Table 2. Syntax of the dSLAC language.Syntax of the dSLAC language.

The description of a SLA comprises a unique identification code (Id) and at least two involved parties. The terms of the agreement express the characteristics of the service together with their respective expected values. Each SLA requires the definition of at least one term, which can be either a Metric or a Group of terms (which enables the re-use of the same terms in different contexts). Each term defines the party responsible to fulfil the term (a single party) and the contractors of the service (one or more). SLAC supports different metrics, e.g., the NumericMetric, which is constrained by open or closed Intervals of values and a particular Unit. The specification of intervals in numeric metrics relies on the evaluation of expressions (Expr). Finally, Guarantees ensure that the terms of the agreement will be enforced or, in case of a violation Event, define the actions that will be taken.

The syntax of dSLAC is obtained by extending that of SLA and is presented in Table 2. The symbol \({:}{:}\!\!=\) is used when a new rule is added to the syntax, while \(+\!=\) is used to extend an existing syntactic rule.

The dynamic changes cover two sections of the SLA: Dynamism and Invariants. The former specifies events, conditions and changes, whilst the latter provides fixed rules that regulate these changes, i.e. the modification of the agreements specified in the Dynamism section are only performed when they are compliant with the conditions defined in the Invariants section. Although the invariants could be specified as conditions in the Dynamism part of the agreement, we opted to specify them as separated sections to have clearer specification and semantics.

The changes in the Dynamism section are based on Events, such as requests from parties or SLA violations. Then, one or more conditions can be defined (ConditionModification), which can be an expression Expr, as defined in the core language, or express the need of the authorisation from one or more parties.

Afterwards, the modification are specified using three actions: add term, delete term and replace value. The add term operation inserts a new term, which is not specified in the initial SLA. It requires a Term, which includes the involved parties, metric and value. The delete term removes a SLA term, which requires only the reference to an existing term (RefTerm). The replace value operation substitutes the value of an existing term with a new value (MetricValue), which can be, according to the metric type, an Interval and its Unit, a Boolean or a set of lists.
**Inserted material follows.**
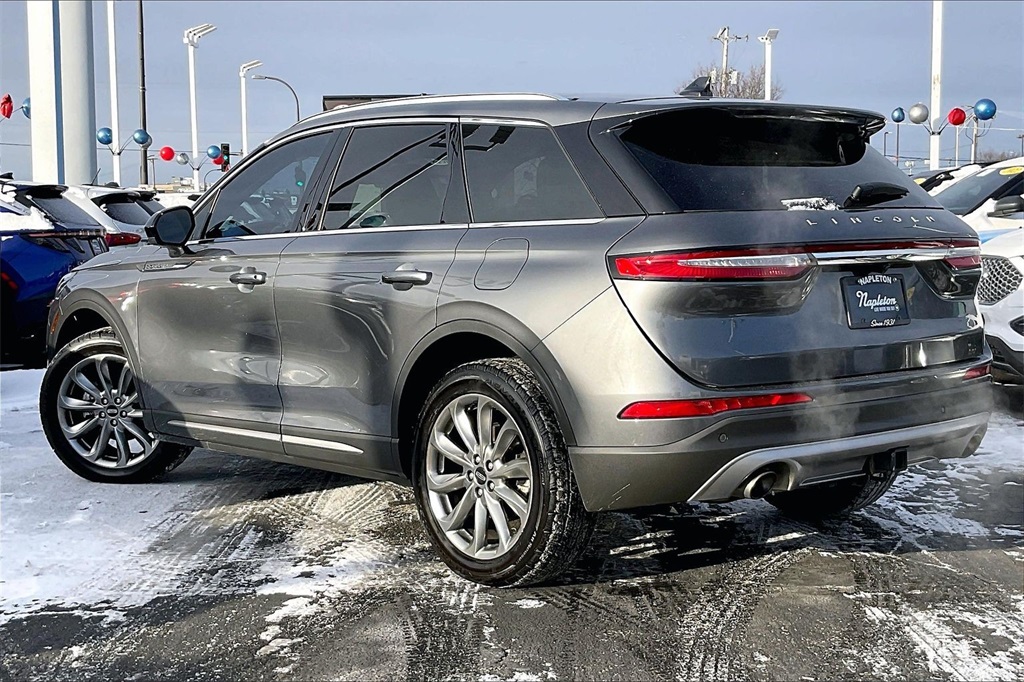 2022 LINCOLN CORSAIR - Image 8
Replacements can use reserved variable names, which refer to, e.g., the current values of the existing term, of another term or the number of times the SLA was violated. In case of multiple terms using the same metric (e.g., in different groups) the reference to the metric must be complete, including involved parties and groups, to avoid ambiguity.
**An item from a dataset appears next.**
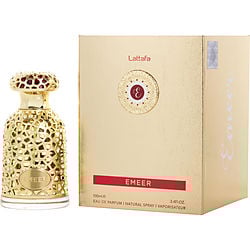 LATTAFA EMEER by Lattafa - EAU DE PARFUM SPRAY 3.4 OZ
Finally, the Invariants section defines rules that cannot be changed by dynamic actions, i.e. fix bounds for terms of the contract. They can define, for example, that a user cannot request more than 1000 Virtual Machines (VMs) and never less than 1 or that the provider must always backup the data of the consumer. Events that trigger changes in the contract will not be applied unless they are compliant with the terms defined in this section.

2.2 Semantics

The semantics of a SLA specified via SLAC is formulated as a Constraint Satisfaction Problem (CSP) that verifies: (i) at negotiation-time, whether the terms composing the agreement are consistent; and (ii) at enforcement-time, whether the characteristics of the service are within the specified values.

In the formal SLAC semantics [17] a SLA was given by means of a function \([\![SLA ]\!]\) that returned a pair composed of a set of group definitions and a constraint representing the semantics of SLA’s terms. This pair constituted the CSP associated to the agreement; details can be found in [17].

Fig. 1.
figure 1

Automaton of an excerpt of the example in Table 4.
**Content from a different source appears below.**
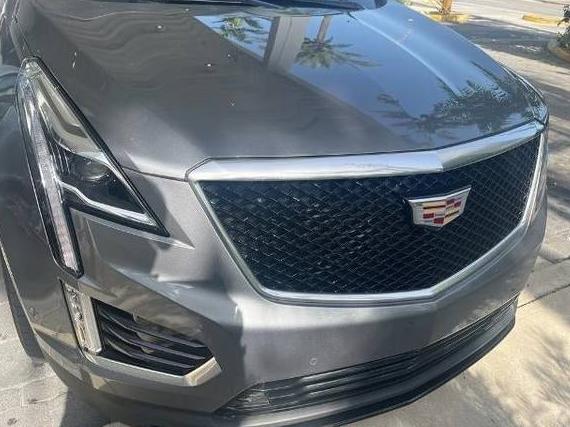 CADILLAC XT5 2022 1GYKNGRS4NZ150696 image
In dSLAC the possibility of changing the set of valid constraints calls for a different approach. The agreement is represented by an automaton in which each state is labelled by a set of constraints and each transition by the event that modifies the constraints. The initial state of the automaton is created using the original semantics of a SLA, which converts the agreement without the Dynamism and Invariants sections into a CSP. Then, all possible new states are created considering events, conditions and the triggered changes to the SLA constraints specified in the Dynamism section, as well as the invariants of the agreement, which are defined as additional conditions to every transition of the automaton.

Figure 1 illustrates this approach based on the second example of dynamic SLA, discussed in the next section and presented in Table 4. For the sake of simplicity, the automaton does not include the dynamic part that requires authorisation from the consumer. In this case, the consumer can request 2 additional VMs when the SLA state is the initial one (corresponding to the service quality level Base and passing to state Gold ) and remove 2 of them when the total number of VMs is 4 (from state Gold back to sate Base ). Also, the provider can request an increase in the Response Time in state Gold compensating the consumer with a reduction in the price (passing to the state Silver ). Even if in the state Silver, the consumer can reduce the number of VMs to 2 and return to state Base.

2.3 Examples

We illustrate the dynamism of SLAs using two examples. The first is presented in Table 3; it is an instance of an Infrastructure-as-a-Service SLA from a provider named IMT which initially delivers 2 VM to consumer Rafael. In this scenario, the consumer adds and removes VMs according to his needs, if the number of VMs does not exceed 200. The \(\#1\) represents the current value of the lower bound of the interval of the term and \(\#2\) the upper bound.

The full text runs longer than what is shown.